▶ **MATERIAL PROVIDED**
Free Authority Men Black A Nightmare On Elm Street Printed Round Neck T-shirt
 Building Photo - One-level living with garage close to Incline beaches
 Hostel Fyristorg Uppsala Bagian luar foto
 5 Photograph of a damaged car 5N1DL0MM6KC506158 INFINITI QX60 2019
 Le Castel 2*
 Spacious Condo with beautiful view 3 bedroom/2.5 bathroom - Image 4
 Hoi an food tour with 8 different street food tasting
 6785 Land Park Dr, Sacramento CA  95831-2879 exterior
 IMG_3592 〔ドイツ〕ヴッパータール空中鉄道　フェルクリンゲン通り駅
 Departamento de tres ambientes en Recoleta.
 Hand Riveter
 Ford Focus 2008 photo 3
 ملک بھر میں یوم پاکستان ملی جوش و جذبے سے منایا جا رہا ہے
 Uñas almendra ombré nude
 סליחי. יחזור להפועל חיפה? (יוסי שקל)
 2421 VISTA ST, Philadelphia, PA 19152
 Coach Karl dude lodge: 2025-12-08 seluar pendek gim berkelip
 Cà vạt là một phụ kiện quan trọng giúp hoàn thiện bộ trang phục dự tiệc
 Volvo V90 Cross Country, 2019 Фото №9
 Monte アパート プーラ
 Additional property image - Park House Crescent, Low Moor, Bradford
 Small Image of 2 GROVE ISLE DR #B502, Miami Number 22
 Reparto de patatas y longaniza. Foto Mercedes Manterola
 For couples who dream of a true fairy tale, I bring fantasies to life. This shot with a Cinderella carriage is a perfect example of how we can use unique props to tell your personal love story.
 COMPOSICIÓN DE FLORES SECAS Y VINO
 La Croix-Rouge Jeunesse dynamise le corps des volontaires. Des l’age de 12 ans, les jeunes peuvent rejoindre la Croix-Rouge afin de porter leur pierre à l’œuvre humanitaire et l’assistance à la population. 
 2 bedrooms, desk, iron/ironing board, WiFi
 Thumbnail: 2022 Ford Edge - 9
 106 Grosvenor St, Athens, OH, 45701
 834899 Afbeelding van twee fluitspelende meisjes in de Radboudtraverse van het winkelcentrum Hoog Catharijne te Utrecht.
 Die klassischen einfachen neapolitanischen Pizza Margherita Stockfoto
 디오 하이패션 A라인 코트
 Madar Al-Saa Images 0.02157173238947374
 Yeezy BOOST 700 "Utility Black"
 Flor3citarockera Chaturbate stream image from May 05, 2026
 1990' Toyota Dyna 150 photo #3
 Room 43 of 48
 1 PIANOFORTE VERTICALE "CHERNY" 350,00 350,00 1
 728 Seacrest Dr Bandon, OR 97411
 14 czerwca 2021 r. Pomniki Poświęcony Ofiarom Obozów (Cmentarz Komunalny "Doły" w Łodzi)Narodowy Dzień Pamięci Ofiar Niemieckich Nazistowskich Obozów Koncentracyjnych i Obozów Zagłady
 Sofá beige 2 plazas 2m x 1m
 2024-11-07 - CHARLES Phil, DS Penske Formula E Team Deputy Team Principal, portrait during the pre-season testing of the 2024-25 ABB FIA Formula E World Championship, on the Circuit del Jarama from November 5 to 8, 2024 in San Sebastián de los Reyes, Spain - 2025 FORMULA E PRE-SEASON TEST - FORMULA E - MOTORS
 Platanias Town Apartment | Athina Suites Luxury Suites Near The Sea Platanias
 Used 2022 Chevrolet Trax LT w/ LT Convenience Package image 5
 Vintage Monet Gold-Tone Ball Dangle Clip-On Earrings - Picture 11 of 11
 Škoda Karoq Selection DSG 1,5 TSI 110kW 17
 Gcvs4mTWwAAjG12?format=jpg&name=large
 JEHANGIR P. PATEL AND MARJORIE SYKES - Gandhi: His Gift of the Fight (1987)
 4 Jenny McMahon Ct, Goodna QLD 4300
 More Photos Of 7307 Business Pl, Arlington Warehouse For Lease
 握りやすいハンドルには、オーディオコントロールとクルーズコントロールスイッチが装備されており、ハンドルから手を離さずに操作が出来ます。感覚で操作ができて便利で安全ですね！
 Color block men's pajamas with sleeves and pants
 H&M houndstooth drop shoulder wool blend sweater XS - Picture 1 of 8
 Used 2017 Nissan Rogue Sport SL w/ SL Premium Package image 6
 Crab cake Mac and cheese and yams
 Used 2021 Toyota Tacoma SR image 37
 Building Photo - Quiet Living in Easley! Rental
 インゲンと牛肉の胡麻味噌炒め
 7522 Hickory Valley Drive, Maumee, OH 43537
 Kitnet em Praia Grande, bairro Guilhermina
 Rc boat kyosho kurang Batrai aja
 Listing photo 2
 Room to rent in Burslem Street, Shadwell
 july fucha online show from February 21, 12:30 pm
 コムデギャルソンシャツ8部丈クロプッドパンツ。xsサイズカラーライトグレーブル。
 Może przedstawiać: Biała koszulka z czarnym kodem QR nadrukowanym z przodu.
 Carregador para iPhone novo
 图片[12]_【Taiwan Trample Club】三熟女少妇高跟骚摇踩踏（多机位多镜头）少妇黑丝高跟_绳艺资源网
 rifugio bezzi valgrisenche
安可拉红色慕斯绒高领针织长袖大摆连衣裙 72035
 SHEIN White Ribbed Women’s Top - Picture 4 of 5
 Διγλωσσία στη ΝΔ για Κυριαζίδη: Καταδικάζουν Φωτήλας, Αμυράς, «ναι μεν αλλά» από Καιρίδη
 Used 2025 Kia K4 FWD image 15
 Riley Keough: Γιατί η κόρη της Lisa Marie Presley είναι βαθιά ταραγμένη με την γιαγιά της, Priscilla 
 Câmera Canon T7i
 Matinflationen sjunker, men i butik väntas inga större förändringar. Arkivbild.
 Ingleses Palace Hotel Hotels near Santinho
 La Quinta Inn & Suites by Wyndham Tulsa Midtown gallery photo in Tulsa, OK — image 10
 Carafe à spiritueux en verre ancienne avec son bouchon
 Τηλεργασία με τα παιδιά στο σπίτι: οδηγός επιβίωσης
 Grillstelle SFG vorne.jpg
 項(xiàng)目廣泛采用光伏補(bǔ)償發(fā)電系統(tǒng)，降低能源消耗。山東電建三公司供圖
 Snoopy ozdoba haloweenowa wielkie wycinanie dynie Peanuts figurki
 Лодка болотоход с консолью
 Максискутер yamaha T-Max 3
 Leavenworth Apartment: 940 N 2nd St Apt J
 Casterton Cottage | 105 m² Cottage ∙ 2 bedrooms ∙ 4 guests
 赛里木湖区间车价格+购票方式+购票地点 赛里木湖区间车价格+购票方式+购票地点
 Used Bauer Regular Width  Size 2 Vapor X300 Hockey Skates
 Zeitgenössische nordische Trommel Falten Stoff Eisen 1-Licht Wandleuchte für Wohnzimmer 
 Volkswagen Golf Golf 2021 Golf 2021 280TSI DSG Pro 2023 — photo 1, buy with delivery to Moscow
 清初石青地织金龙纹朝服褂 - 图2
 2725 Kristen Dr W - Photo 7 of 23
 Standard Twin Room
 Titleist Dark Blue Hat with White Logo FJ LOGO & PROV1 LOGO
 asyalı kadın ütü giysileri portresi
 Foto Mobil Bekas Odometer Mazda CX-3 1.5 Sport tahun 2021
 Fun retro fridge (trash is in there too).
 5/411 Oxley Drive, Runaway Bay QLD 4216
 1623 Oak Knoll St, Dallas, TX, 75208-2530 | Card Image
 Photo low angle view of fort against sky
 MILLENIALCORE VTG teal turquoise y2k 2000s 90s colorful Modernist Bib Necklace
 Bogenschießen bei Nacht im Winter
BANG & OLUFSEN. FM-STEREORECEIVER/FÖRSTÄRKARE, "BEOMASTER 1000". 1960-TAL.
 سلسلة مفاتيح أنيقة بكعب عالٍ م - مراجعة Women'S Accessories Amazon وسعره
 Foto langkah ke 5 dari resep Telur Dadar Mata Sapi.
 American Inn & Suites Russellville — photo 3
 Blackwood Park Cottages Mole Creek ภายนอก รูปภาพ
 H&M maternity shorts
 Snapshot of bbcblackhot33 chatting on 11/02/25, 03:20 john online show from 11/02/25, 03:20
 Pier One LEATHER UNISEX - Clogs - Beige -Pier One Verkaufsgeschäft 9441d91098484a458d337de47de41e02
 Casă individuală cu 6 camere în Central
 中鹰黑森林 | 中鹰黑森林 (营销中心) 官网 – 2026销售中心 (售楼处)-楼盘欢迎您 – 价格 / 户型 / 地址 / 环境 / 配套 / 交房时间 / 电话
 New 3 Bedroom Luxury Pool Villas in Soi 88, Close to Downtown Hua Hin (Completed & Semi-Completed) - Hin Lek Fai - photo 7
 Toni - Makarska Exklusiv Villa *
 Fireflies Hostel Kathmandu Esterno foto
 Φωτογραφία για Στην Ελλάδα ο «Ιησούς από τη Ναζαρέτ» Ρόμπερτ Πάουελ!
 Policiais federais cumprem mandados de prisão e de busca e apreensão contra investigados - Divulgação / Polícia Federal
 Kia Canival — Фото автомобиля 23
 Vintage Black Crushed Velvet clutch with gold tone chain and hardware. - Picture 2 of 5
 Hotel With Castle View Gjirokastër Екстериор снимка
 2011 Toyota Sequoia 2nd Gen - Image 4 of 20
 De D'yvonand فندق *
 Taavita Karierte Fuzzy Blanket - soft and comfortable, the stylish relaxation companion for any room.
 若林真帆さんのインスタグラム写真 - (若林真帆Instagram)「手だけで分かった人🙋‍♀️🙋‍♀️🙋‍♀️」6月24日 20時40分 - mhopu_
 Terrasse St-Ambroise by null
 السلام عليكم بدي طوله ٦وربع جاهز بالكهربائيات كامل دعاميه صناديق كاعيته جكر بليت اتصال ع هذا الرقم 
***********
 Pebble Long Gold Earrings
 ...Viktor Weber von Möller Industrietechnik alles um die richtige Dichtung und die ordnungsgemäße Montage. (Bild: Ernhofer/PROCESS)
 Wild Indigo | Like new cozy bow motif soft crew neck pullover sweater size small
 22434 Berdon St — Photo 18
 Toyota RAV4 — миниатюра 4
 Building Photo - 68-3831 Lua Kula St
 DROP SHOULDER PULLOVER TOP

▶ **PROBLEM DESCRIPTION**
Among the records above, extract exactly the lines from the line with "Titleist Dark Blue" to the line with "Kia Canival — Фото автомобиля 23", both lines included, and leave out the rest.

▶ **WRITTEN RESPONSE**
 Titleist Dark Blue Hat with White Logo FJ LOGO & PROV1 LOGO
 asyalı kadın ütü giysileri portresi
 Foto Mobil Bekas Odometer Mazda CX-3 1.5 Sport tahun 2021
 Fun retro fridge (trash is in there too).
 5/411 Oxley Drive, Runaway Bay QLD 4216
 1623 Oak Knoll St, Dallas, TX, 75208-2530 | Card Image
 Photo low angle view of fort against sky
 MILLENIALCORE VTG teal turquoise y2k 2000s 90s colorful Modernist Bib Necklace
 Bogenschießen bei Nacht im Winter
BANG & OLUFSEN. FM-STEREORECEIVER/FÖRSTÄRKARE, "BEOMASTER 1000". 1960-TAL.
 سلسلة مفاتيح أنيقة بكعب عالٍ م - مراجعة Women'S Accessories Amazon وسعره
 Foto langkah ke 5 dari resep Telur Dadar Mata Sapi.
 American Inn & Suites Russellville — photo 3
 Blackwood Park Cottages Mole Creek ภายนอก รูปภาพ
 H&M maternity shorts
 Snapshot of bbcblackhot33 chatting on 11/02/25, 03:20 john online show from 11/02/25, 03:20
 Pier One LEATHER UNISEX - Clogs - Beige -Pier One Verkaufsgeschäft 9441d91098484a458d337de47de41e02
 Casă individuală cu 6 camere în Central
 中鹰黑森林 | 中鹰黑森林 (营销中心) 官网 – 2026销售中心 (售楼处)-楼盘欢迎您 – 价格 / 户型 / 地址 / 环境 / 配套 / 交房时间 / 电话
 New 3 Bedroom Luxury Pool Villas in Soi 88, Close to Downtown Hua Hin (Completed & Semi-Completed) - Hin Lek Fai - photo 7
 Toni - Makarska Exklusiv Villa *
 Fireflies Hostel Kathmandu Esterno foto
 Φωτογραφία για Στην Ελλάδα ο «Ιησούς από τη Ναζαρέτ» Ρόμπερτ Πάουελ!
 Policiais federais cumprem mandados de prisão e de busca e apreensão contra investigados - Divulgação / Polícia Federal
 Kia Canival — Фото автомобиля 23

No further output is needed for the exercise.